Output only these lines, set down exactly: the one containing "2001 Dodge Ram 1500" and each line after it through the end of the records.

[Stored items]
__________________________________________________

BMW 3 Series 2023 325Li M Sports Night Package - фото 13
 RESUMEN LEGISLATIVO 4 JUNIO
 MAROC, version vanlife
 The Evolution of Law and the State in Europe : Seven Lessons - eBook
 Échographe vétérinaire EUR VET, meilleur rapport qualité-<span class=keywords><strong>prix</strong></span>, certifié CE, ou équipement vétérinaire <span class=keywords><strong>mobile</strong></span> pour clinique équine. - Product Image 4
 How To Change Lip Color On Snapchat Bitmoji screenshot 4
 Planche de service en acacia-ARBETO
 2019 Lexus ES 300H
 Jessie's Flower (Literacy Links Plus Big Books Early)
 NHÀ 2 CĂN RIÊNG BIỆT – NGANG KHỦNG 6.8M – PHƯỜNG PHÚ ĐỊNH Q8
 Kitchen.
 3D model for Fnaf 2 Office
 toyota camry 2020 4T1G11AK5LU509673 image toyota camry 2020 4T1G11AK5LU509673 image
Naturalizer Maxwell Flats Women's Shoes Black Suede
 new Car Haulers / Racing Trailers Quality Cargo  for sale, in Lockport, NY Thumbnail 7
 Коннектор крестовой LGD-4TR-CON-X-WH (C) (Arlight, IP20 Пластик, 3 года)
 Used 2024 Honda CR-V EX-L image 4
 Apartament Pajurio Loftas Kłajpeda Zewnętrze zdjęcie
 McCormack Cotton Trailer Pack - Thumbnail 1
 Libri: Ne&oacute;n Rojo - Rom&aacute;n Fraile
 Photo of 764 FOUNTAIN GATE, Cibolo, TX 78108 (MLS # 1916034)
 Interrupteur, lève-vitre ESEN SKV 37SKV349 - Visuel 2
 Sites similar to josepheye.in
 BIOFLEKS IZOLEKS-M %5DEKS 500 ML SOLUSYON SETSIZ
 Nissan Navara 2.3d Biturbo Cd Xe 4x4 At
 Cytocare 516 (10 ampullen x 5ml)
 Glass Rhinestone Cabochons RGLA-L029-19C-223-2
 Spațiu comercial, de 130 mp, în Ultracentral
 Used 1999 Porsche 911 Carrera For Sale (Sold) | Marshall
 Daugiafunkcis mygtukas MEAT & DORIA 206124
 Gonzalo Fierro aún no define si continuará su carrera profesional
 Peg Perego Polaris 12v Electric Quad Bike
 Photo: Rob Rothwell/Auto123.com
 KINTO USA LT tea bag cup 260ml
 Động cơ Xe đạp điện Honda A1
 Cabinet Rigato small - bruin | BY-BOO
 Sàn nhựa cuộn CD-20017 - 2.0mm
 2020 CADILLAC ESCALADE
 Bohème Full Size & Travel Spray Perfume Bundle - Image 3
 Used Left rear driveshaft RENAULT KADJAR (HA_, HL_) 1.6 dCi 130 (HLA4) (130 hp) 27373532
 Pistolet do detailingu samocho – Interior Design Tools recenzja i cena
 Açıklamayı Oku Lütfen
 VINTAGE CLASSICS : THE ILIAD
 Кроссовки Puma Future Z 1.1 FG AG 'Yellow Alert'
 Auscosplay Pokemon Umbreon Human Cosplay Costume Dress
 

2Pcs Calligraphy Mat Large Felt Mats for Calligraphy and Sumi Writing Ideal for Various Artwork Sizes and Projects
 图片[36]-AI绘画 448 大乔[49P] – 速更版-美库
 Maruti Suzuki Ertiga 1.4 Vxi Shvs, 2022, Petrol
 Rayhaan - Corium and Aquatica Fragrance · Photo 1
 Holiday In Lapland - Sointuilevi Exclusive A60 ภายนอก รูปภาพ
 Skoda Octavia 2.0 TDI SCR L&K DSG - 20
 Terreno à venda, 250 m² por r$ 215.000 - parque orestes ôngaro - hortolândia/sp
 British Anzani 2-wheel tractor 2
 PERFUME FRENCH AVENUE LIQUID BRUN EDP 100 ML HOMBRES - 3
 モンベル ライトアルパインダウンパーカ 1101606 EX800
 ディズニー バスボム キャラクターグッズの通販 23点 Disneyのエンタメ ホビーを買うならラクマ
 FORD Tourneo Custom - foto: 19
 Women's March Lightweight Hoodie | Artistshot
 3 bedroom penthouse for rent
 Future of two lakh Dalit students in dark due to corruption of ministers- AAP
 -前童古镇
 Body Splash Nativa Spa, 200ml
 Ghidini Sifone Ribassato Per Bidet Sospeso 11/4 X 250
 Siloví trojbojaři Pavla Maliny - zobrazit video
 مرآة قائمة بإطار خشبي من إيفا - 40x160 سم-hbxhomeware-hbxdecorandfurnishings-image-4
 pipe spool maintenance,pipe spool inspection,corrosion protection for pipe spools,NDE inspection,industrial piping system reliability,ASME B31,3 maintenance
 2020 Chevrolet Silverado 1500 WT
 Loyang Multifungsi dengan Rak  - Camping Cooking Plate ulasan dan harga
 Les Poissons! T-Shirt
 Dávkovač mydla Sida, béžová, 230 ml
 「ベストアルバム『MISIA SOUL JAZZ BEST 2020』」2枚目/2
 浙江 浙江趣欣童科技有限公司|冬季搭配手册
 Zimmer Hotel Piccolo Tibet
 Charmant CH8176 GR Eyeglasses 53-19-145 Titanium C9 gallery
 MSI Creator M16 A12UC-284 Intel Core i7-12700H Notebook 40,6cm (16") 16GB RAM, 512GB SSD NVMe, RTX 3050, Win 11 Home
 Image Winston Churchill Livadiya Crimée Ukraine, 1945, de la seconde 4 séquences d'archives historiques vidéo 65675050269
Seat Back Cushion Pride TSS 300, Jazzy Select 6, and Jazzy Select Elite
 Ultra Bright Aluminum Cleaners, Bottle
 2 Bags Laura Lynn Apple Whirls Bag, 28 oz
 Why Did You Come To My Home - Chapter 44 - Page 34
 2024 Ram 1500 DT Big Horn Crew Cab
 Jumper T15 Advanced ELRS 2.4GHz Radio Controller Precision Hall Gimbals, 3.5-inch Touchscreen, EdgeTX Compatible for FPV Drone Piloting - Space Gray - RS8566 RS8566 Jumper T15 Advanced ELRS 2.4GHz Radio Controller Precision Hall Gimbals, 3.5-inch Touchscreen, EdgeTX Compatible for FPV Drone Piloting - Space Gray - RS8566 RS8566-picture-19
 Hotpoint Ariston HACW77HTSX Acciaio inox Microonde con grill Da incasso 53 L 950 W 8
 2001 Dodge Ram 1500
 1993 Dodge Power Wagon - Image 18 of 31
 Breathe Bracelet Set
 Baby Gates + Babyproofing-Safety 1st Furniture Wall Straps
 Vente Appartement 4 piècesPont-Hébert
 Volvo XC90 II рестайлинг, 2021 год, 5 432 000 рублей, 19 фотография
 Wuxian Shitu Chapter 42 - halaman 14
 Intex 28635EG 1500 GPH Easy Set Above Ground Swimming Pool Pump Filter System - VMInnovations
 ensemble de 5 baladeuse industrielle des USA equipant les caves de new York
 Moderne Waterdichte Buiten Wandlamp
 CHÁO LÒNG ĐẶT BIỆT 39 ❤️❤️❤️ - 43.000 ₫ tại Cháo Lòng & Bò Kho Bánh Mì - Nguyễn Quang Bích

__________________________________________________

| Exercise output |
 2001 Dodge Ram 1500
 1993 Dodge Power Wagon - Image 18 of 31
 Breathe Bracelet Set
 Baby Gates + Babyproofing-Safety 1st Furniture Wall Straps
 Vente Appartement 4 piècesPont-Hébert
 Volvo XC90 II рестайлинг, 2021 год, 5 432 000 рублей, 19 фотография
 Wuxian Shitu Chapter 42 - halaman 14
 Intex 28635EG 1500 GPH Easy Set Above Ground Swimming Pool Pump Filter System - VMInnovations
 ensemble de 5 baladeuse industrielle des USA equipant les caves de new York
 Moderne Waterdichte Buiten Wandlamp
 CHÁO LÒNG ĐẶT BIỆT 39 ❤️❤️❤️ - 43.000 ₫ tại Cháo Lòng & Bò Kho Bánh Mì - Nguyễn Quang Bích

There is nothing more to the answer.